9 september 2003
President Thabo Mbeki wrapped up a hectic schedule of meeting with ordinary South Africans with addresses to religious bodies on Sunday.
On Saturday, Mbeki addressed the Jewish Board of Deputies in Johannesburg, assured them of the government’s continued efforts to stamp out negative attitudes towards the community.
Later on Saturday, the President opened an inaugural convention of South African Hindu organisations in Durban, saying all religions had a role to play in rebuilding the country from the destructive apartheid years.
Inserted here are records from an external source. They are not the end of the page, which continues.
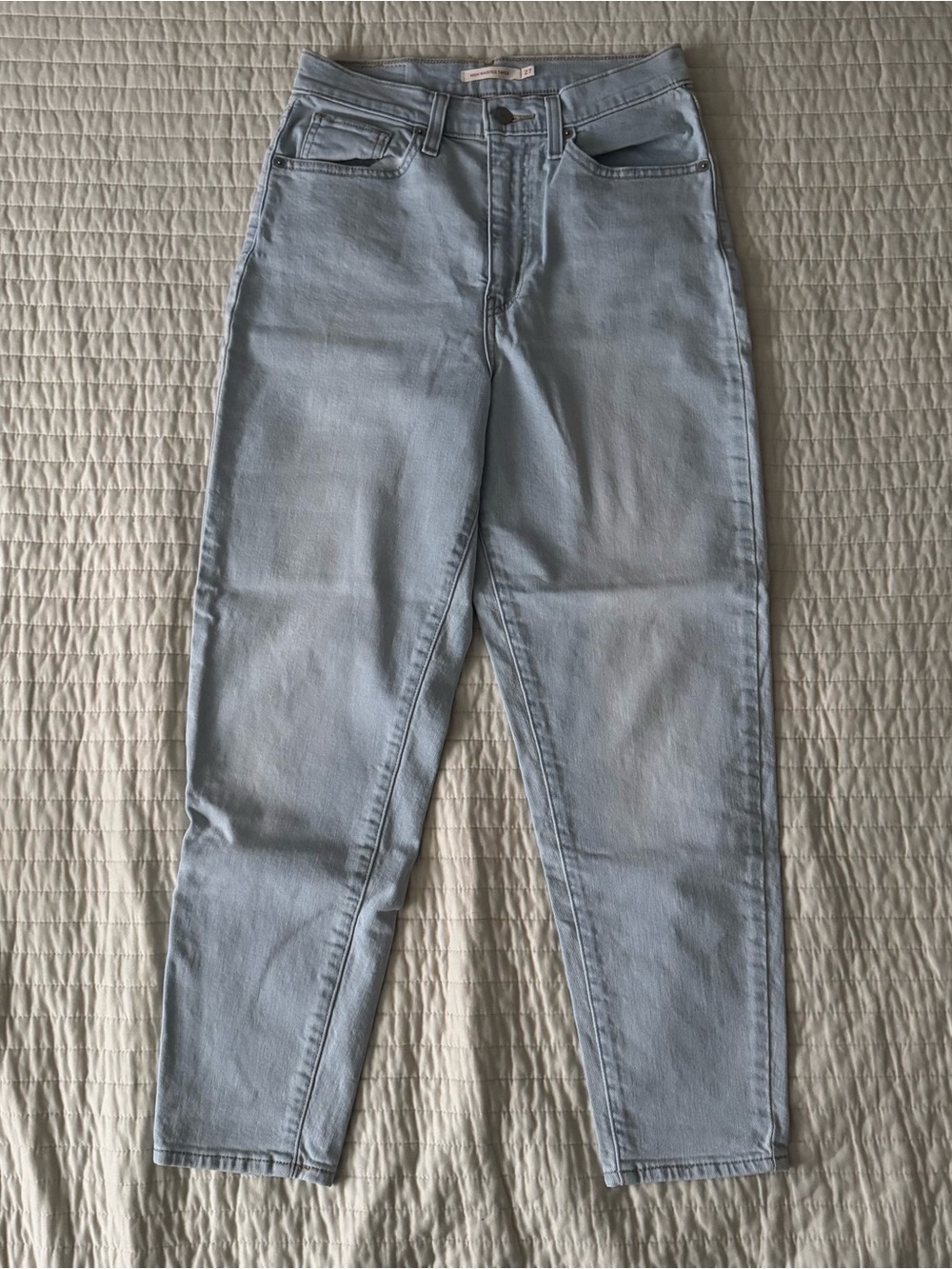 Levi’s vintage inspired tapered jeans, light wash - Picture 4 of 4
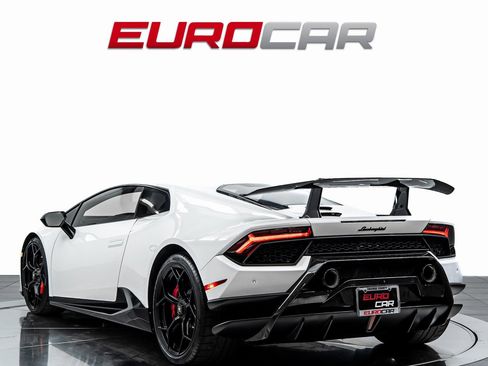 Used 2018 Lamborghini Huracan Performante image 3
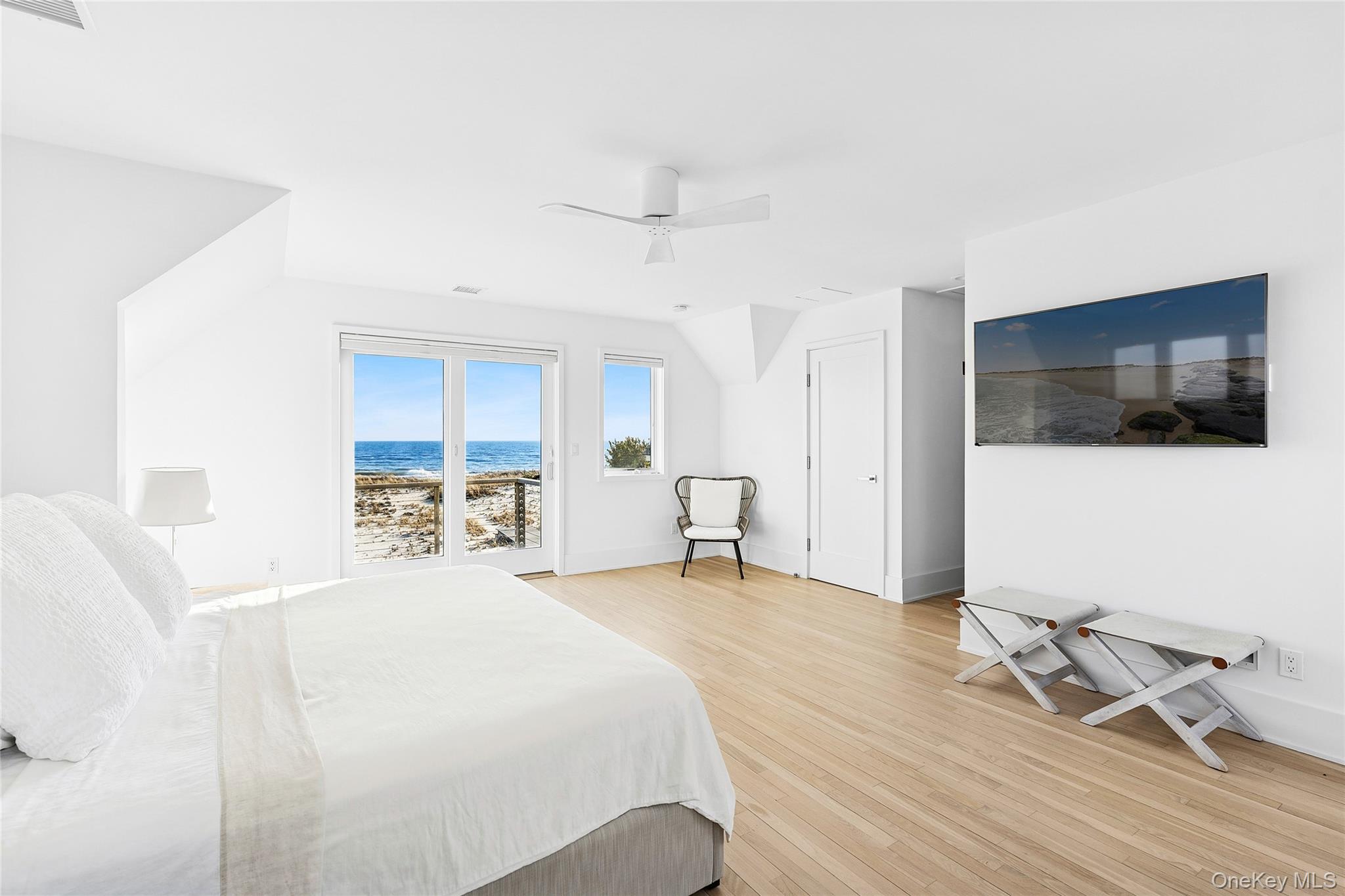 #14 photo, 617 Dune Road, Westhampton , NY 11977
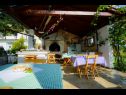 Apartementen Secret Garden A2(2+2), A4(2+2) Razanac - Riviera Zadar  - zomerkeuken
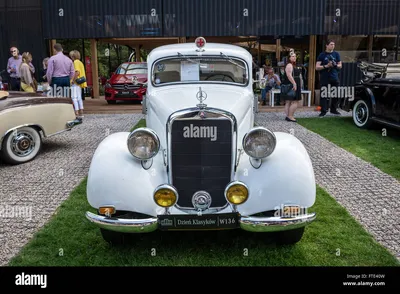 Mercedes benz w136 высокого разрешения стоковые фотографии и изображения - Alamy картинки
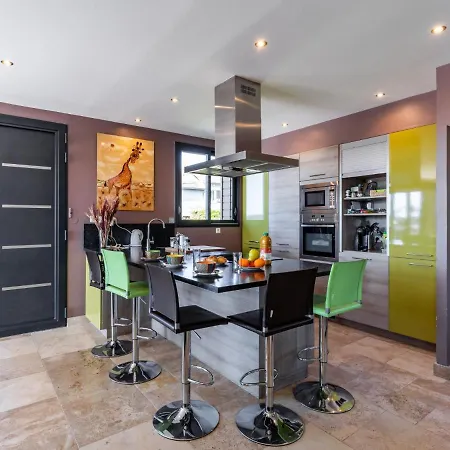Ferienhaus Holiday Le Rocher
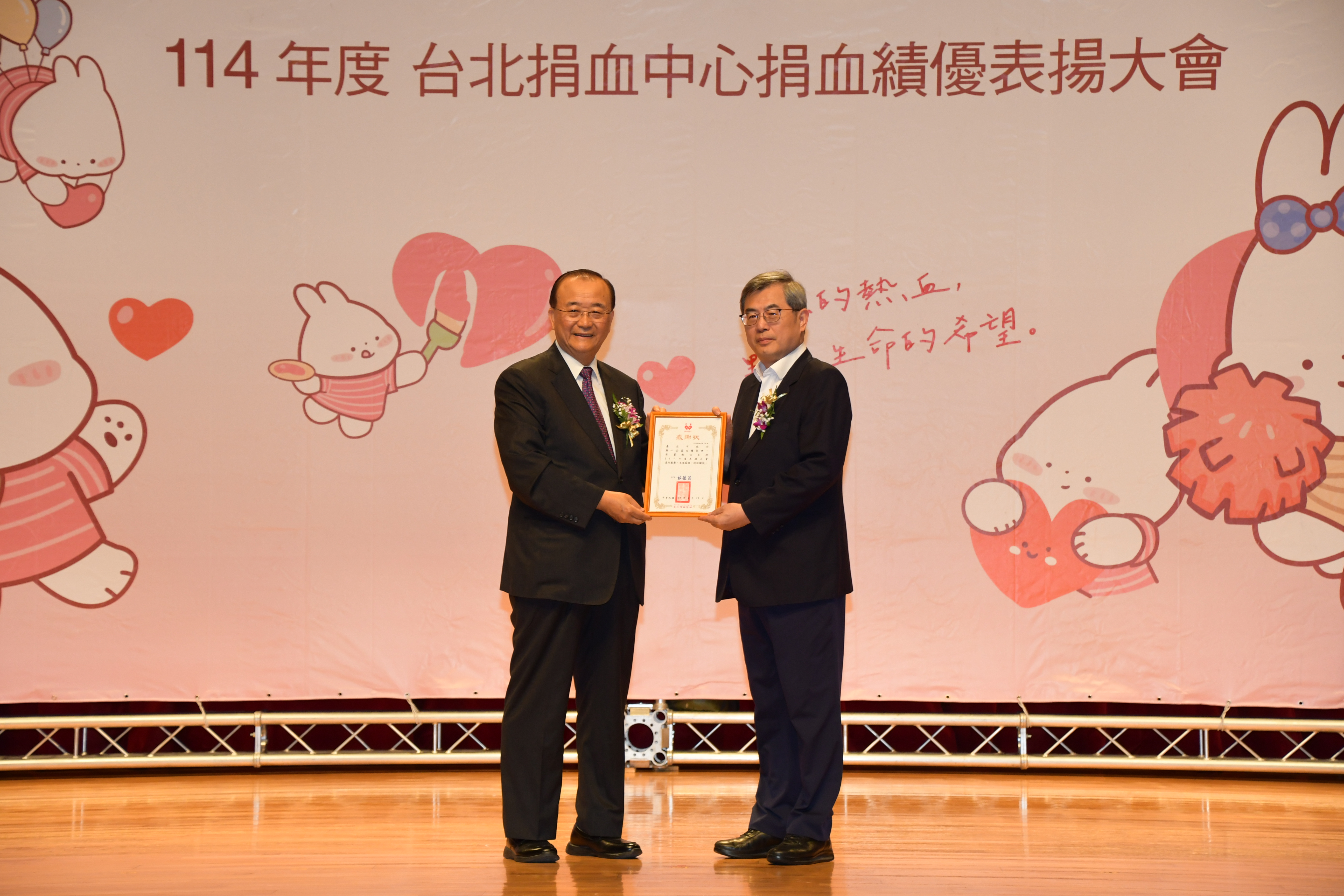 台灣血液基金會董事長侯勝茂（左）台北市副市長李泰興（右）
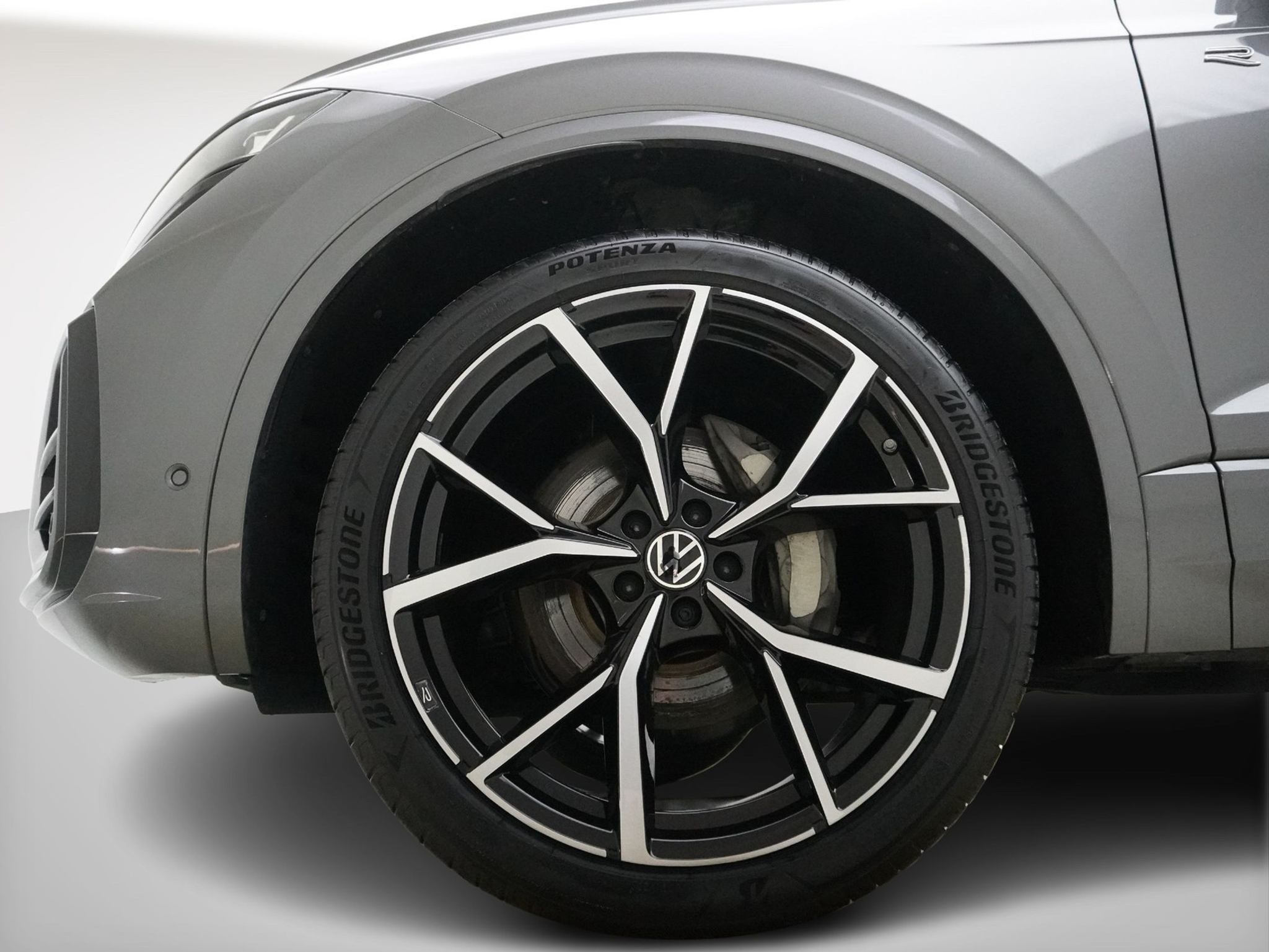 listing desktop thumbnail image 6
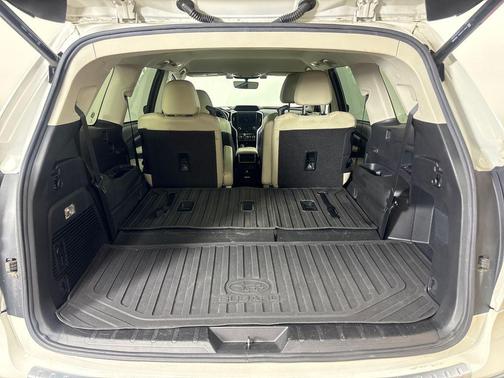 Crystal White Pearl 2020 Subaru Ascent Limited 7-Passenger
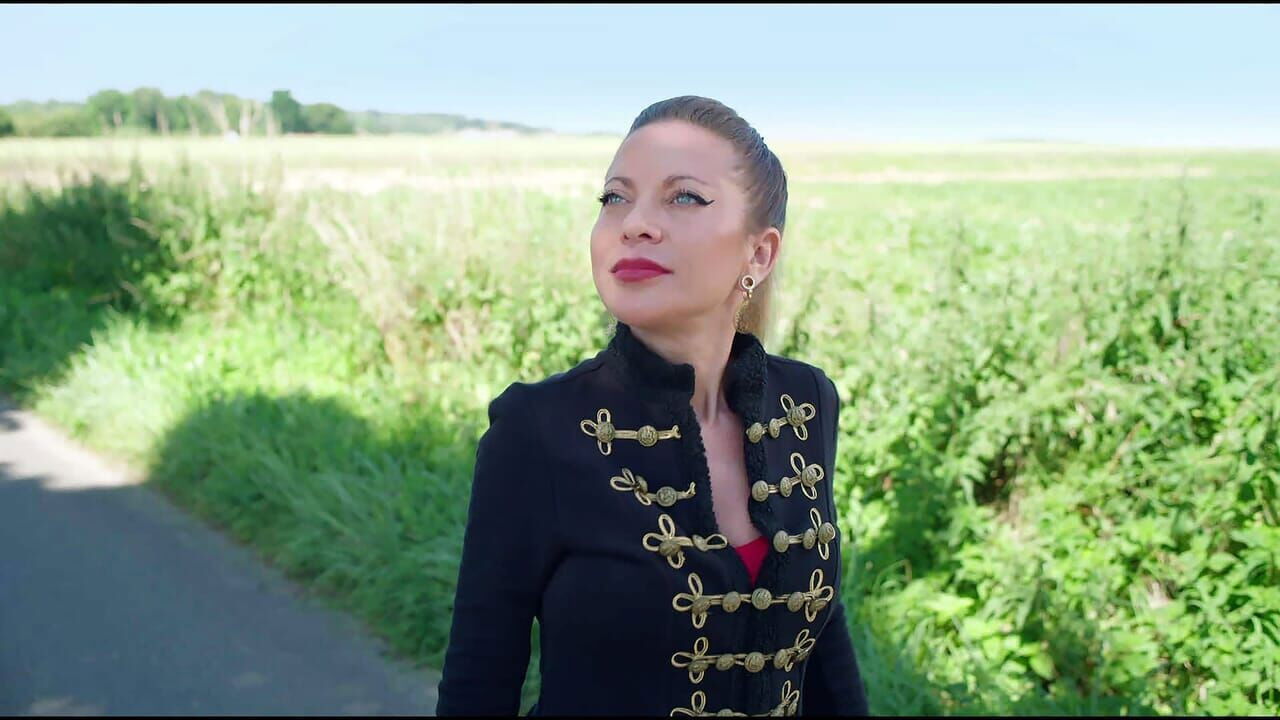 Backdrop for Le Gro Secret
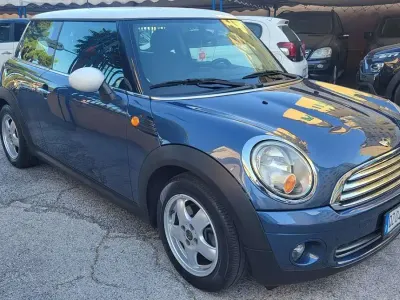 Usata Mini Cooper 120 CV (88 kW) 2009 Blu/azzurro Utilitaria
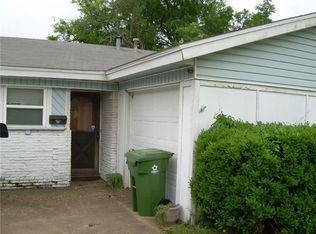 701 Oak Dr, Hurst, TX 76053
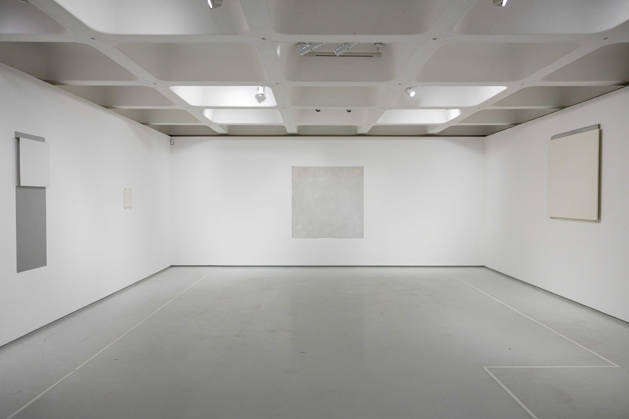 Robert Ryman: The Real Thing at Barbican Art Gallery, London, UK 7 October 2026 Orrin, 1967 (centre) with Arrow, 1976 (left) and Attendant, 1984 (right) on display at Robert Ryman: The Real Thing at the Barbican Art Gallery, London, UK, on 7 October 2026. The first significant UK exhibition of American minimalist and conceptual painter Robert Ryman (1930 2019) in over 30 years brings together six decades of work, on view from 8 October 2026., Credit:Pete Speller Avalon  Copyright: xPetexSpellerx xAvalonx 1141198946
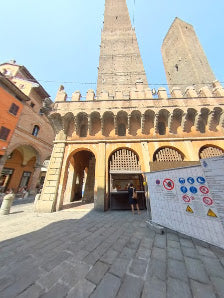 Discover Bologna's Two Towers: Top Italy Tours & Italian Food Highlights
On Sunday, Mbeki attended the 93rd anniversary celebrations of the Zion Christian Church (ZCC) – an organisation that boasts about four million followers across southern Africa – in Polokwane in Limpopo province.
Although Mbeki did not address the gathering – in line with the Church’s policy of being non-politically aligned – a statement from his office reiterated the government’s stance that all religious groups have a role to play in fighting poverty, moral decay and underdevelopment.
“We, as government, have a responsibility to all people who fall victim to marginalisation, fear and disempowerment, and we cannot allow any section of the community to plunge into a permanent sense of unease and displeasure,” Mbeki told the Jewish Board of Deputies, adding that Jewish people would always have a home in South Africa.
Mbeki told the Hindu community that unlike the apartheid regime, the democratic government recognises all religions and believes that religious organisations must be at the forefront of inculcating religious and moral values in society.
“Given our divided history, religious organisations have an important role to play in the reconstruction and development of our country, especially in the welfare and civil society sectors,” he said.
Mbeki said the Hindu gathering was another tribute to Indian human rights activist Mahatma Ghandi, who fought for the betterment of humanity. “Mahatma Ghandi’s championship of the cause of the harijans teaches us that we must act in support of the poor and marginalised.”
In a statement released ahead of Sunday’s ZCC ceremony, Mbeki said the ZCC and other African churches have an important role to play in efforts to promote an ethical, righteous and moral society.
He added that the Church’s message of peace, Kgotso ga ebe le lona (Peace be with you), “provides an important lesson for all South Africans that together we can forge a peaceful country that can provide food, both material and spiritual, and a better life for all”.